_DESCRIPTION OF THE TASK:_ Print exactly the lines from the one that contains "插图1–2025大健康行业全" through the final line of the entries below, both included, and nothing else; omit the pictures.

(Recorded data)
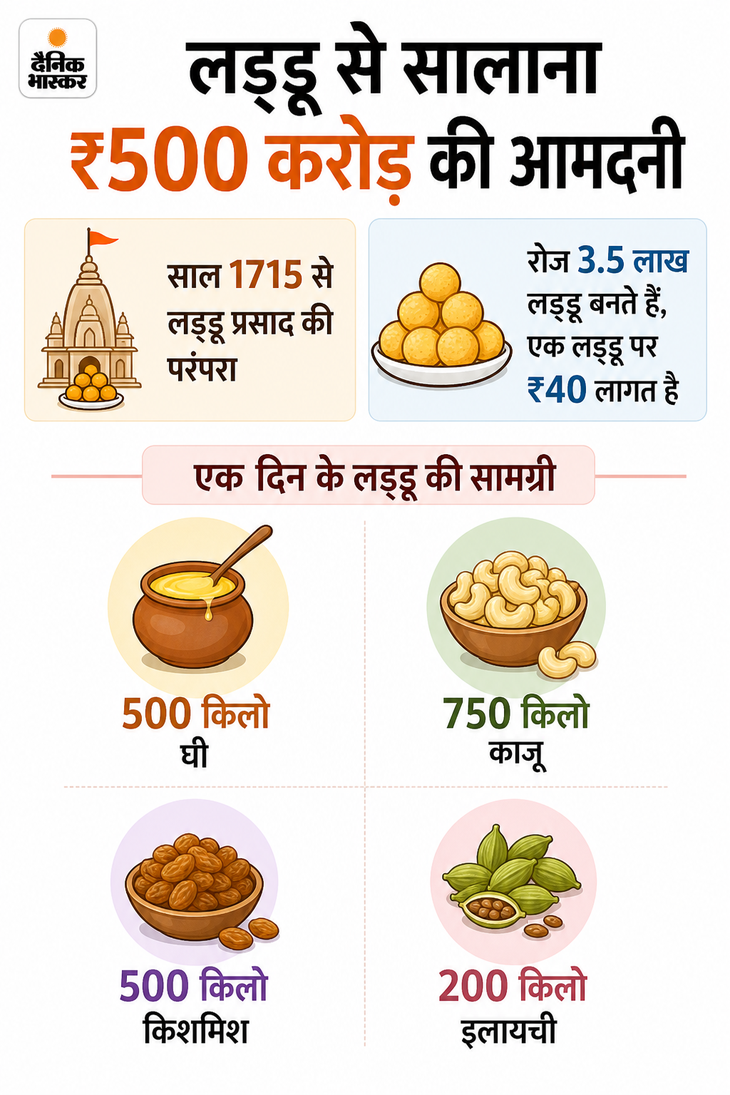 तिरुपति लड्डू विवाद-ED ने सुकृति फूड्स प्रमोटर को गिरफ्तार किया: ₹230 करोड़ का घी सप्लाई किया गया था; घी पाम ऑयल-एसीटिक एसिड एस्टर से बना था e2ff239f 5ac5 4a2d 8792 a61ffd586683 1789795664308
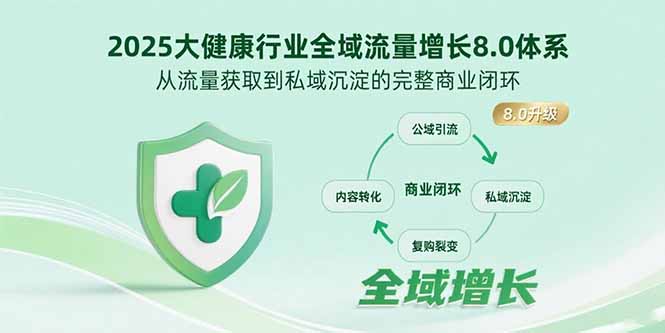 插图1–2025大健康行业全域流量增长8.0体系,从流量获取到私域沉淀的完整商业闭环–免费资源分享站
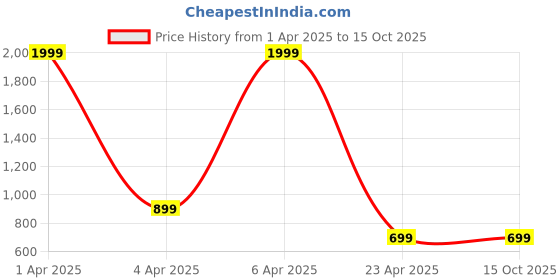 myntra.com SARINKU Geometric Embroidered Georgette Kurta sarinku Price History Graph from 1 Apr 2025 to 15 Oct 2025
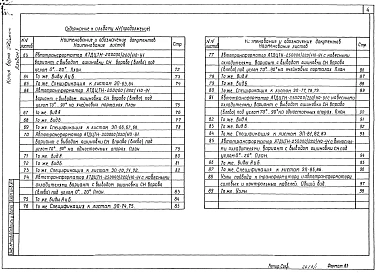 Альбом 1 Электротехнические чертежи
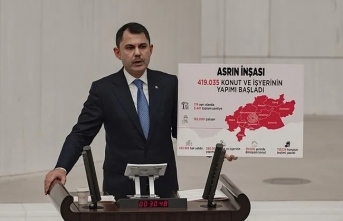 Bakan Kurum: 2025'in sonunda evine girmeyen afetzede kalmayacak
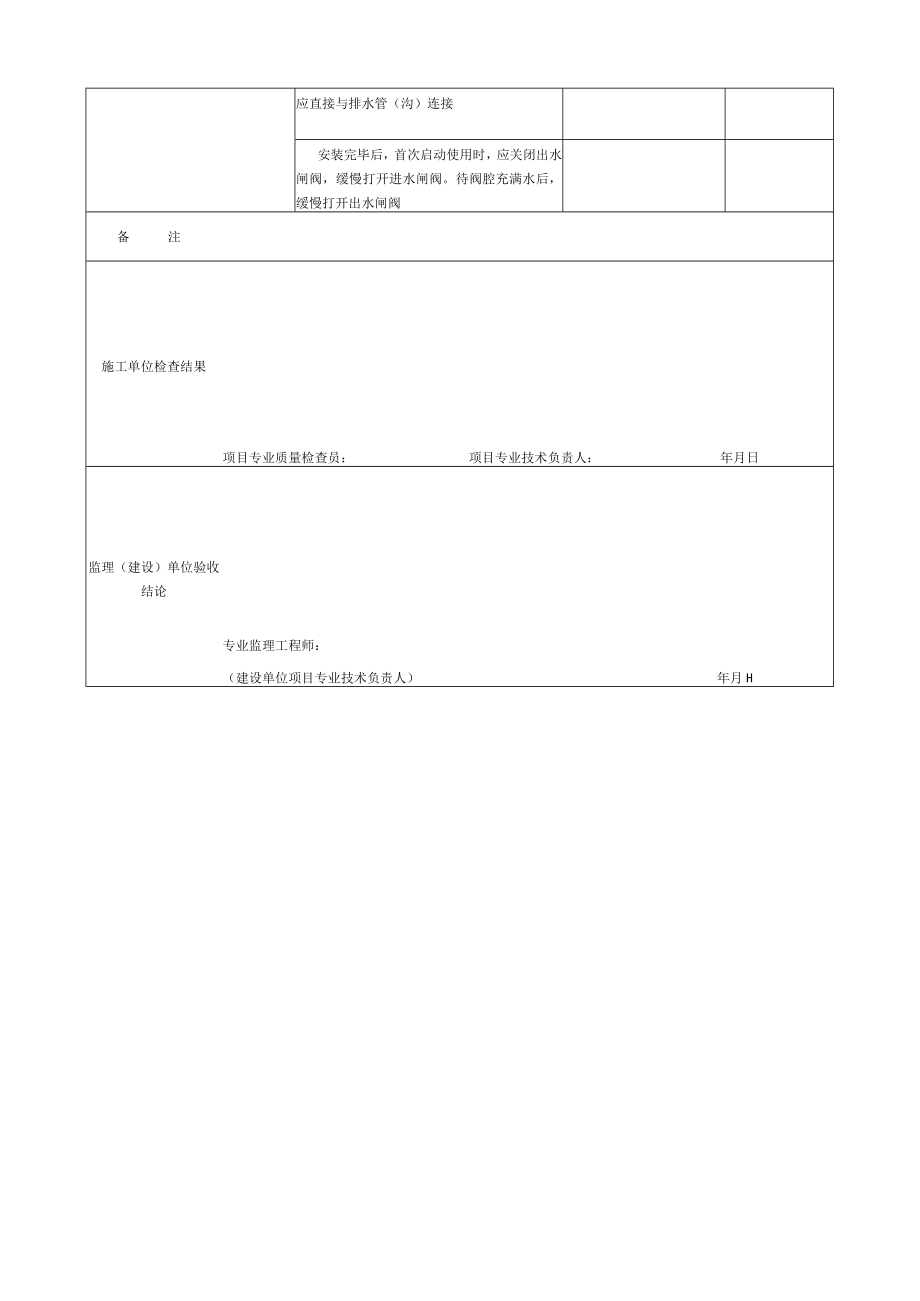 表5.33.3 自动喷水灭火系统其他组件安装 检验批质量验收记录.docx_第3页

_WRITTEN ANSWER:_
 插图1–2025大健康行业全域流量增长8.0体系,从流量获取到私域沉淀的完整商业闭环–免费资源分享站
 myntra.com SARINKU Geometric Embroidered Georgette Kurta sarinku Price History Graph from 1 Apr 2025 to 15 Oct 2025
 Альбом 1 Электротехнические чертежи
 Bakan Kurum: 2025'in sonunda evine girmeyen afetzede kalmayacak
 表5.33.3 自动喷水灭火系统其他组件安装 检验批质量验收记录.docx_第3页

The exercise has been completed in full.